La bella voce di Aline Frazão è quella che apre lo spettacolo raccontando di un Portogallo come terra spietata, quella dei mercanti e dei conquistatori. Lei ci parla di un Angola conquistata e dimenticata, come spesso fa l’amore, che in preda all’ardore conquista ma non sempre ricorda di aver cura di ciò che ha fatto suo. Ma tra la luce e l’ombra l’amore vince sempre e il canto di Delbono ci fa pensare alla lode di San Francesco, a quel Cantico delle creature scritto una notte dal santo, in cui riflettendo sulle tante tribolazioni che aveva, fu mosso a pietà verso se stesso. Decise allora di ribellarsi al dolore affermando la voglia di vivere, di vincere il male, e di vedere il bello anche in quello. Come Francesco volle trasformare i suoi travagli in canzone di lode ed esultanza, così Delbono esorcizza le insicurezze inflitte dal covid e dal forzato lockdown con la gestazione di Amore, uno spettacolo che si pregia di eleganza,  solennità di immagine, precisione e finezza dei movimenti scenici.  Pippo Delbono salirà sul palco solo alla fine, in abito bianco – come le anime bianche dei morti – per coricarsi lentamente ai piedi dell’albero.
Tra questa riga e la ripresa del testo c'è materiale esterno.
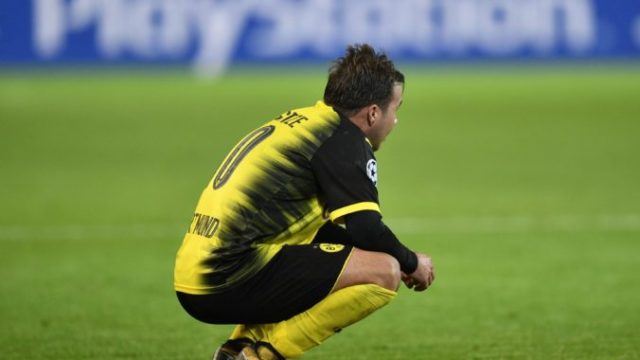 358891_mario gotze 676x493.jpg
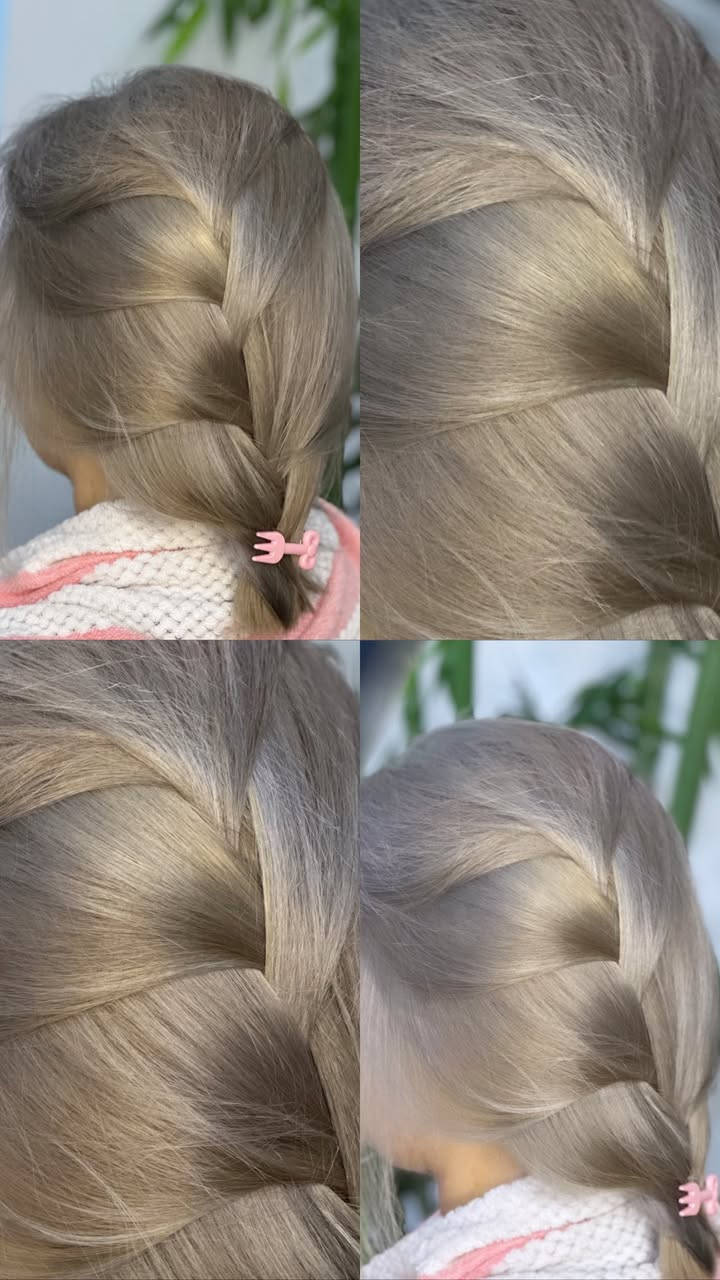 صالون نيولوك مقابيل مشتل وهاب شارع حجي سليمان.
 *********** مفتوح الصالوون يوميا من ٩ صباحا الى  ٧ مساء  تفضلو بدون حجز

مسابقه اكثر متفاعله  شارك المنشور راح تفوز ويانه باجر بل ليل اعلن فائزة  بلشووو بنات صالون  نيولوك مقابيل مشتل وهاب شارع حجي سليمان.
 *********** مفتوح الصالوون يوميا من ٩ صباحا الى ٦ مساء  تفضلو بدون
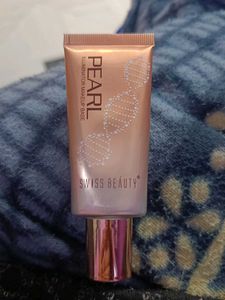 Swiss Beauty illuminator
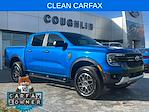 2024 Ford Ranger SuperCrew Cab 4WD Pickup for sale #MFP0096 - photo 1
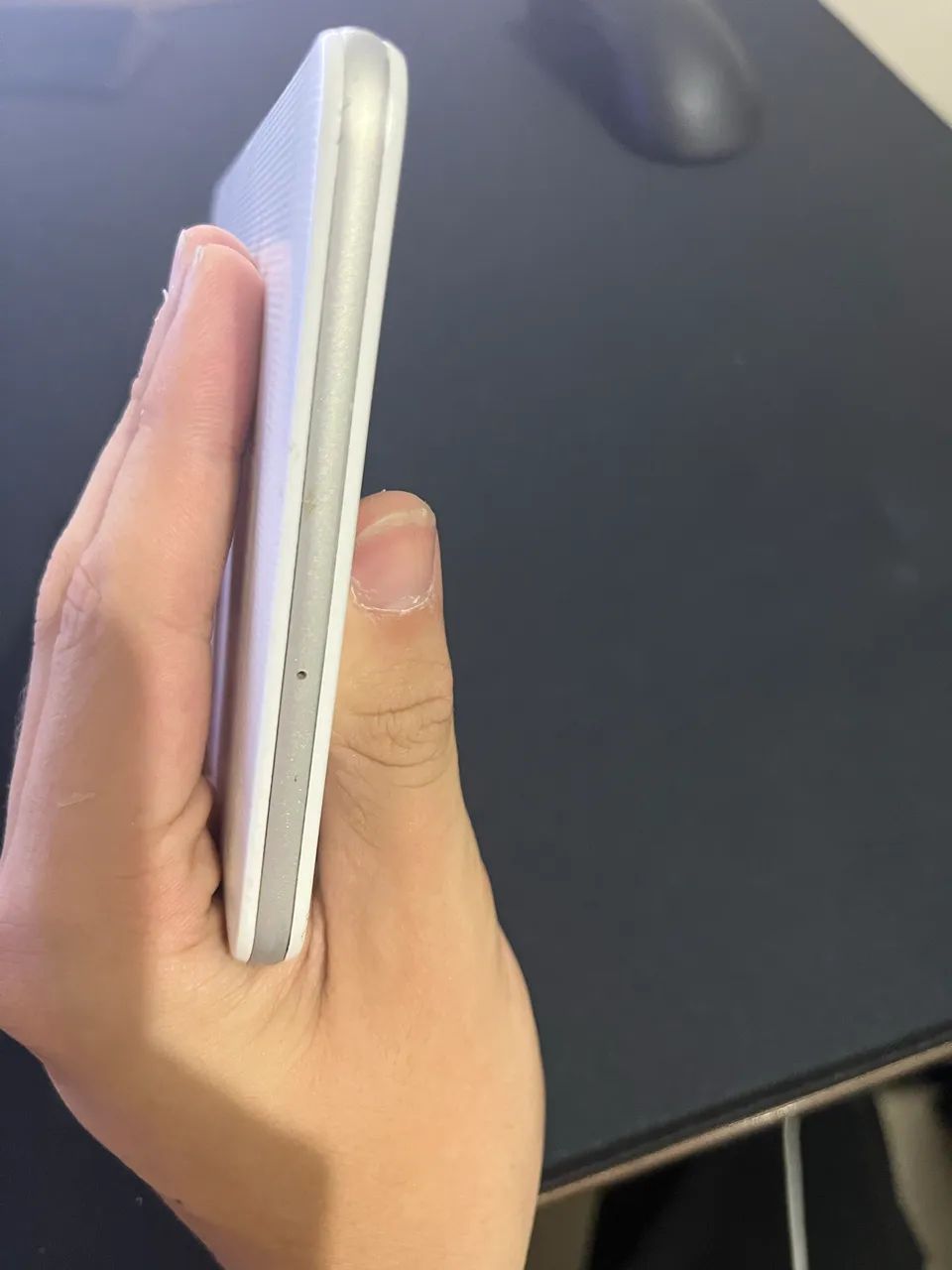 Vendo tablet samsung 64297079651587123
Bravi tutti gli attori storici della compagnia: Dolly Albertin, Gianluca Ballarè, Margherita Clemente, Ilaria Distante, Mario Intruglio, Nelson Lariccia, Gianni Parenti, Pepe Robledo e Grazia Spinella, che appaiono e scompaiono nel meraviglioso gioco di luci firmato  Orlando Bolognesi.

Lo spettacolo sarà al Teatro Ivo Chiesa fino a sabato 10 dicembre.